We started in 2019, four years ago, during the peak of the pandemic, and we had to make a decision on which mechanical modeling tool we wanted to use. The obvious pick for us was Onshape because it was cloud based. We didn’t need to be on-site. We were working out of an incubator. We had three engineers at the time—myself, my cofounder and a mechanical engineer. Onshape enabled us to iterate on various subsystems independently and then roll up those designs into a single machine. It wasn’t built to replicate human pitchers. We had to design this mega machine. First, we needed to be able to control three-dimensional spin. We needed gyro spin. How do we do that? Okay, here’s a mechanical system that enables us to do that. Now we know we need to control the orientation of the ball. That’s what we call, like the ball orientation submodule. We outsourced that to an engineer. With Onshape, we could work on various subsystems independently and roll them up into a single system. I found that to be really helpful.

Trying to replicate a human pitcher would have been a multimillion-dollar R&D project. But breaking it down into subsystems with requirements for each of them made the problem solvable.

Onshape allowed us to think about it in terms of subsystems and assemble on the subsystem level. We could say to an engineer, ‘Your job is to build a benchtop model of the ball inserter. The ball inserter takes a hundred balls like a gumball machine and drops the balls to where it is set to the desired orientation. That could be discrete module that works independently of the rest of the machine. The machine has a flywheel that propels balls forward and imparts gyro spin speed spin. Another engineer could work on the flywheel subsystem, which is three wheels that propel the ball. Another engineer could work on the gantry system that moves the physical device left, right, up and down.

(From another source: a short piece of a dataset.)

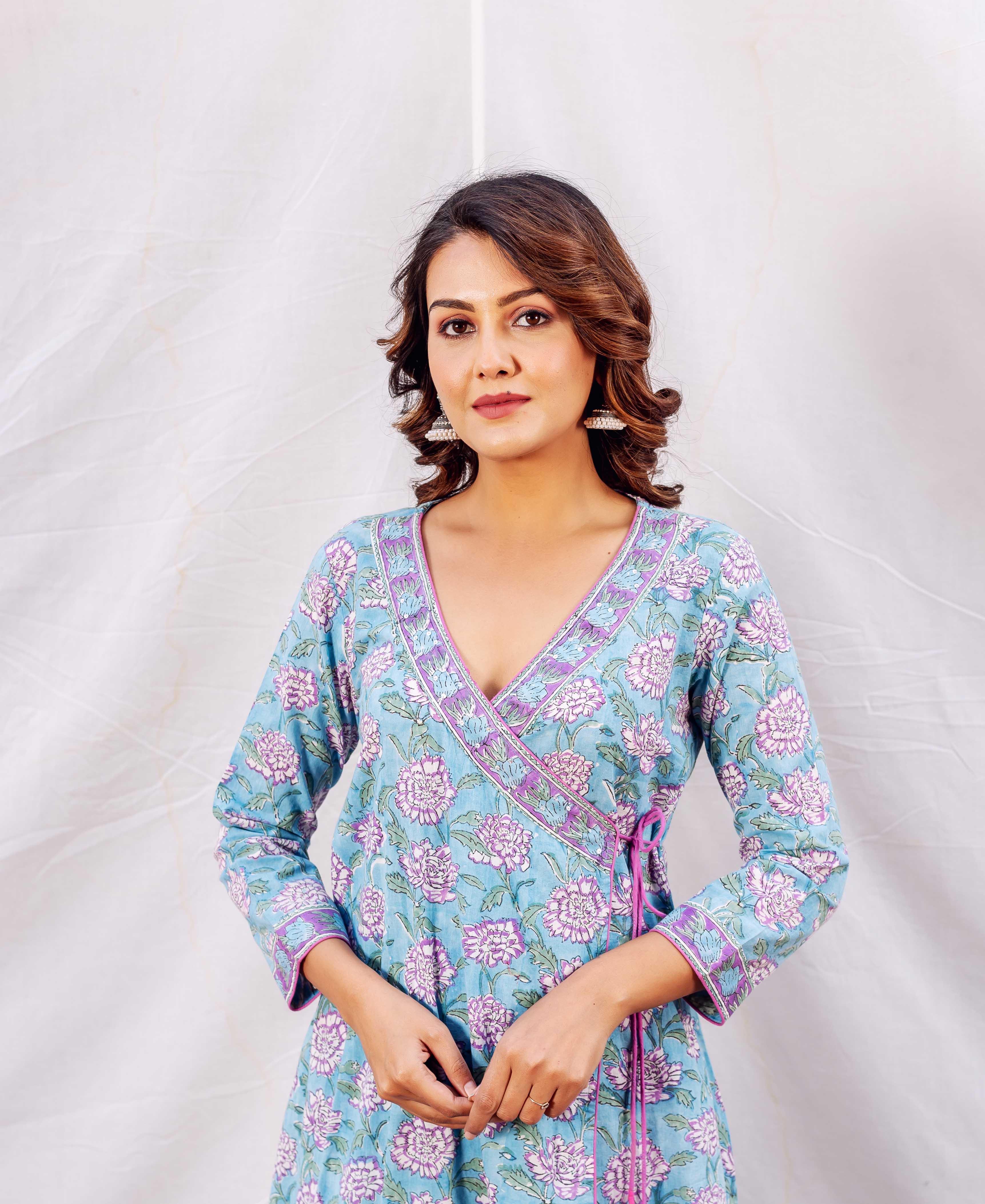 A woman wearing a blue floral print angrakha kurta.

After we roll up all these subsystems into a larger system, we can measure things like the weight. That’s important for the gantry, which has to move that weight around.

What can you say about your pricing?

We don’t disclose pricing. But I can say it’s in the six-figure range per year and we do three-year leases for our system with the MLB teams.

Where is Trajekt Sports based?

Trajekt is located in Mississauga, Ontario.